Zur Testung werden die Teilnehmer aufgefordert, die Kommandos vorzulesen, die von Testleiter A gezeigt werden, und gleichzeitig die korrespondierenden Gesten auszuführen, die von Testleiter B demonstriert werden. Bei erfolgreicher Erkennung reagiert das System ebenfalls mit einer akustischen Rückmeldung. Alle fünf audio-gesturalen Kommandos werden ebenfalls hintereinander in derselben Reihenfolge dreimalig präsentiert (s. Abb. 5.7).

Abb. 5.7
figure 7

Darstellung des kombinierten audio-gesturalen Modus. Der Teilnehmer führt die Geste (obere Reihe) und gleichzeitig einen Sprachbefehl aus (Akustikwellen untere Reihe). Die Farbelemente in der oberen Reihe sind überlagert mit Verarbeitungssignalen (Fokus: Bewegungserkennung)

Selbstgewählter/habitueller Modus

Die ersten drei Testkonditionen sind im Wesentlichen auf die technische Funktionalität hin (Erkennen von audio-gesturalen Kommandos) optimiert. Die massive Unterstützung durch simultane Gestenpräsentation und schriftliche Befehle entspricht nicht einer Situation, wie sie üblicherweise in der Bedienung eines solchen Hilfssystems in der täglichen Nutzung vorkommen würde. Die intensive Vorbereitung und die wiederholte Durchführung der Modi 1–3 stellen jedoch ein intensives Kurztraining dar, um für die potenziellen Nutzer die Voraussetzung für die korrekte Ausführung zu schaffen. Ein letztes Experiment sollte zeigen, welche Leistung die Teilnehmer ohne simultane Unterstützung zeigen können und was ggf. erinnert werden kann. Die Teilnehmer werden unmittelbar nach Abschluss der Testung aufgefordert, so viele Kommandos zu wiederholen, wie sie innerhalb von drei Minuten erinnern können, unabhängig von der Reihenfolge oder vom Modus. Es werden aber im Gegensatz zu den anderen Testungen keinerlei Unterstützungshilfen (simultane Gestendarstellung, Posterdarstellung) angeboten.

Ergebnisse

Bei der Ergebnisdarstellung fokussieren wir in diesem Beitrag auf den Modus 4 (selbstgewählter/habitueller Modus). Die Ergebnisse der Modi 1–3 zeigen, dass 10–15 % der Teilnehmer, trotz intensivem Vortraining und trotz massiver simultaner visueller wie auch akustischer Unterstützung, nicht in der Lage sind, einige Kommandos auszuführen, die auch vom System erkannt werden. Unter denen, die erkannt werden, reicht die Erfolgsrate der kombinierten Bewertung von menschlicher Ausführung und technischer Detektion von 6–26 % bis zu 47–60 % in einzelnen Modi mit einer tendenziell schlechteren Erfolgsrate bei gestenbasierten Aufgaben. Diese Ergebnisse sind insofern schwierig zu bewerten, als unterschiedliche Perspektiven sich überlagern (Qualität der technischen Erkennung und Qualität der menschlichen Ausführung). In dem Kontext dieses Beitrags liegt der Auswertungsfokus jedoch auf der Leistung der Teilnehmer (Nutzerperspektive), Modus 4 (selbstgewählter/habitueller Modus).

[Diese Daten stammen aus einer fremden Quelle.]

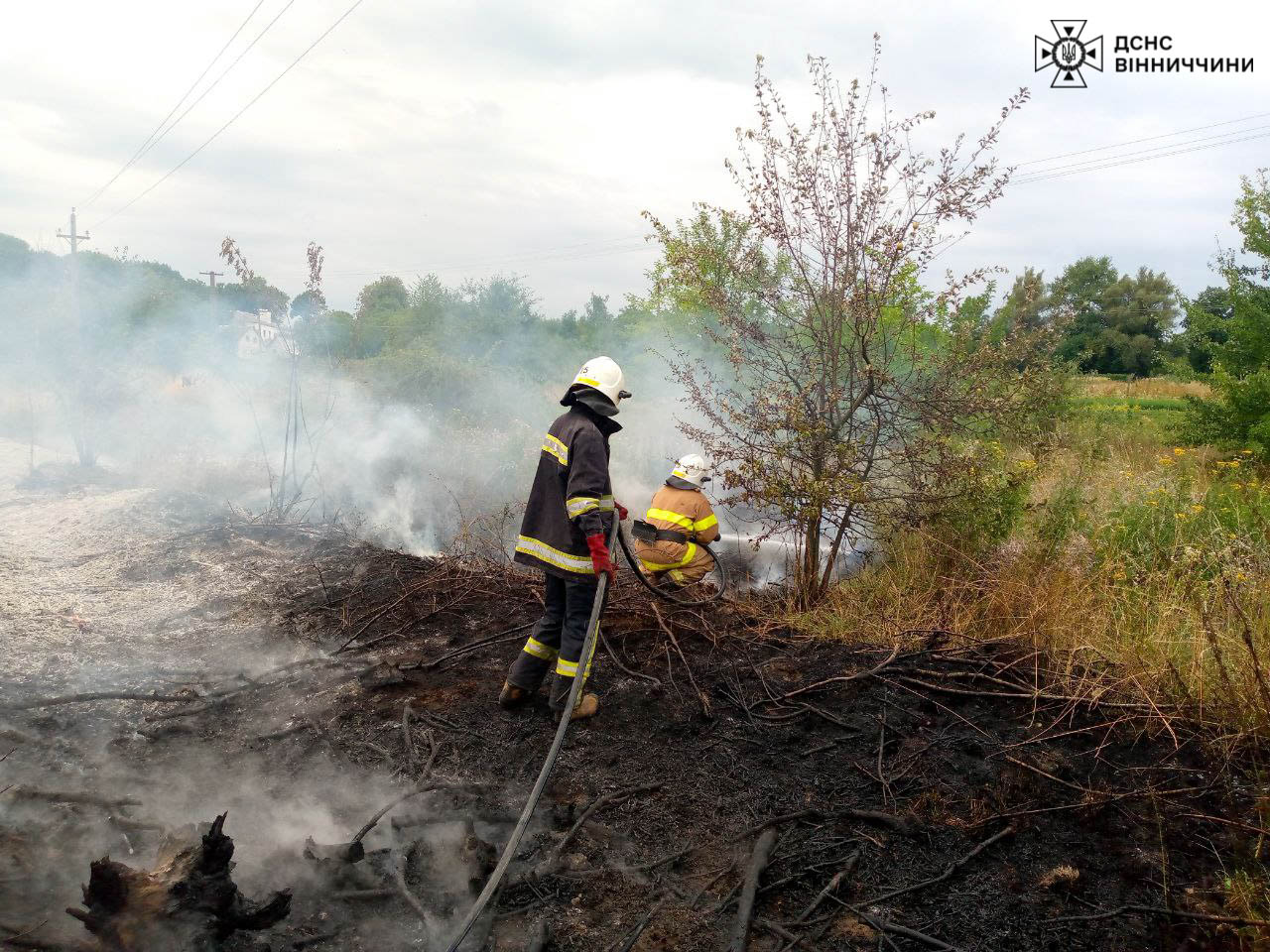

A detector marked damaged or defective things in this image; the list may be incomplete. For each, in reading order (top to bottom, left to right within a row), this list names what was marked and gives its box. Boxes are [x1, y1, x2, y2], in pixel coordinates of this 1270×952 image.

charred debris [2, 520, 1270, 952] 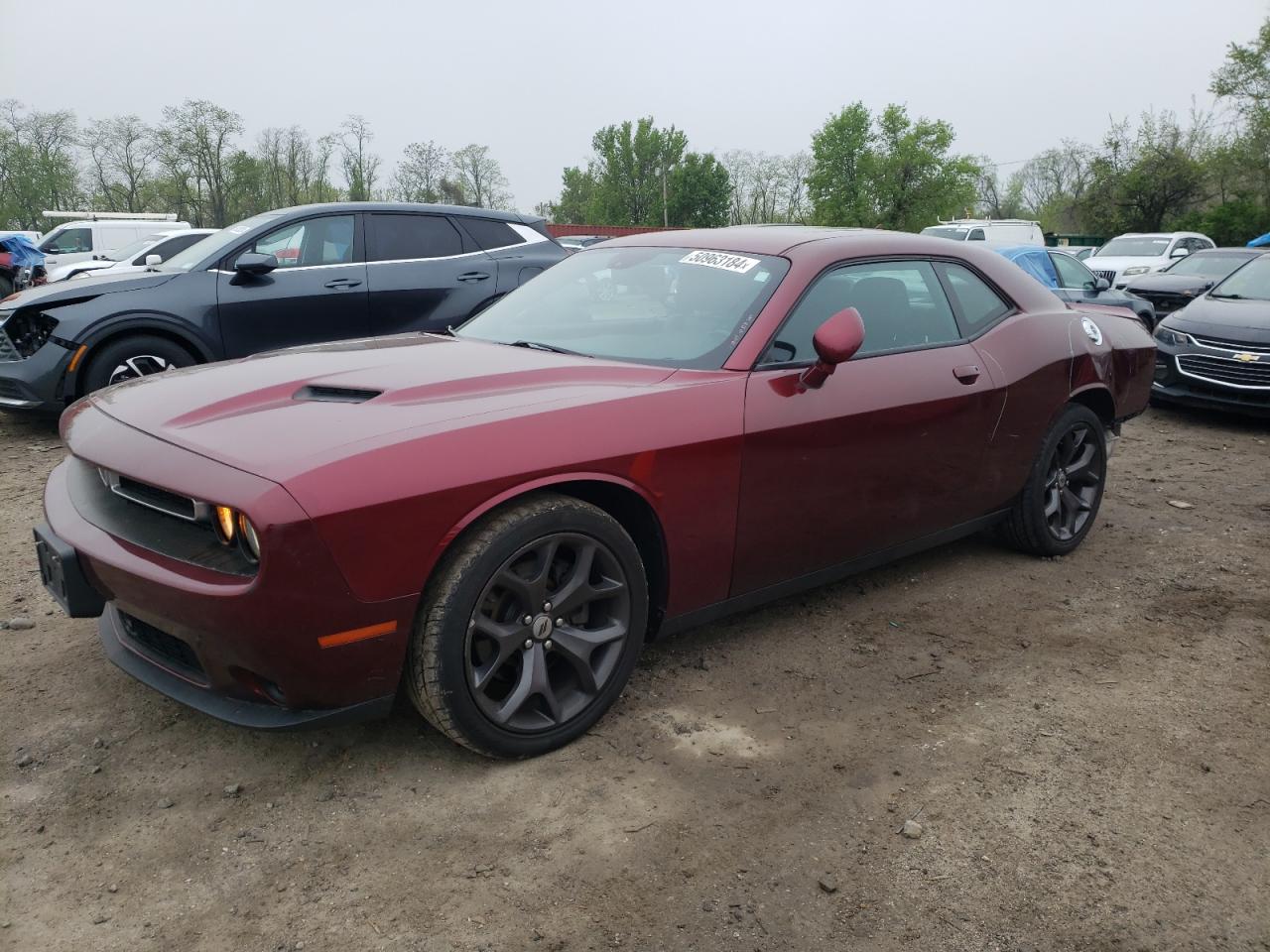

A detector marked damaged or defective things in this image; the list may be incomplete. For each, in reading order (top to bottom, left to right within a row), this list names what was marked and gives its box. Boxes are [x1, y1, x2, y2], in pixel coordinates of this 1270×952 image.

damaged vehicle [40, 227, 1159, 754]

Anzahl der erinnerten/ausgeführten Kommandos

Obwohl jedes Kommando sehr intensiv eingeführt, demonstriert und mehrfach trainiert wurde, wurden durchschnittlich lediglich 3,5 (23,3 %) der möglichen 15 Kommandos erinnert. Differenziert nach einzelnen Modi wurden von jeweils fünf möglichen Kommandos nur 1,31 ± 1,3 (26,0 %) im Audio-Modus, 1,3 ± 1,4 (26,0 %) im gestenbasierten Modus und 1,6 ± 1,6 (32,0 %) im kombinierten Modus erinnert und ausgesprochen bzw. dargestellt (siehe Abb. 5.8).

Abb. 5.8
figure 8

(Dargestellt sind Ergebnisse der unterschiedlichen Modi nach kognitivem Status)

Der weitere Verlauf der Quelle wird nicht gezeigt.